"Kerem saçmalıyorsun. Evlenmek istemememin sebebi sana güvenmemem değil.""Peki ne?"
Çiçekçi kadın yanlarından ayrıldıktan sonra aralarında evlilik konusu ile ilgili ufak bi sürtüşme çıktı. Zeynep'in kendini ifade edememesiyle git gide büyüdü tartışma.
"Ben kendimi hazır hissetmiyorum."
"Neden Zeynep ya neden?" Dedi adam artık sinirlendiğini belli eden bi ses tonuyla. Çünkü bu konu ne zaman açılsa Zeynep hep kaçıyordu ve pek sıcak bakmıyordu evliliğe. Kerem ise bi an önce evlenip sevdiği kadından çocukları olsun istiyordu. Çünkü önlerinde hiçbir engel yoktu. Ama Zeynep evlenmek istemiyordu. Ve Kerem bunun nedenini bi türlü anlamıyordu.
"Evlilik aşkı öldürüyor. Zaten her gün şirkette birlikteyiz. Beraberiz. Şimdi de evlenecez ve hem şirkette hem evde birlikte olacaz. Bi süre sonra birbirimizden sıkılabiliriz."

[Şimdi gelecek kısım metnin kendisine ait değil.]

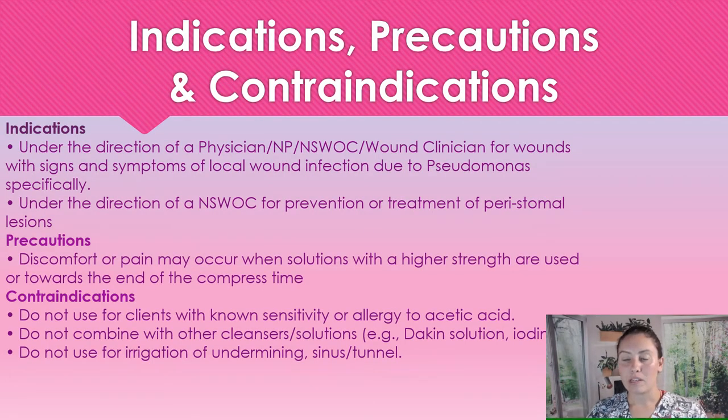So when are we going to use this? We're going to use this under the direction of a physician, nurse practitioner, or wound care specialist for wounds with signs and symptoms of a local infection. The most specific infection we're using this for is pseudomonas. Pseudomonas presents as a green discharge, so that's how we can normally recognize it right away. Normally, we don't need any antibiotics for this — the vinegar just clears it right up.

"Her gün yüzümü görmekten bıktın yani?"
"Hayır yanlış anladı-"
"Ben senden sıkılmam bıkmam. Ama sanırım sen çoktan benden sıkılıp bıkmışsın ki böyle düşünüyorsun."
"Off Kerem saçmalıyorsun."
"Ben mi saçmalıyorum? Bak Zeynep bizim ilişkimiz öylesine bi ilişki değil. Eninde sonunda evlenecez. Ama sen eğer istemiyorsan beni artık sevmiyorsan açıkça söyle. Hiçbir şey için seni zorlamam. Duygularından ve verdiğin kararlardan emin olduğun zaman gelirsin konuşuruz." Dedi ve adımlarını şirkete yönlendirdi genç adam.
Biz beklentiler üzerine kurulmuş canlılarız ve canımızı en çok acıtan şey hayal kırıklıklarımız. Kerem de hayal kırıklığına uğradı. O sevdiği kadınla evlenmek için can atarken, aynı isteği sevdiği kadın da göremeyince yıkıldı.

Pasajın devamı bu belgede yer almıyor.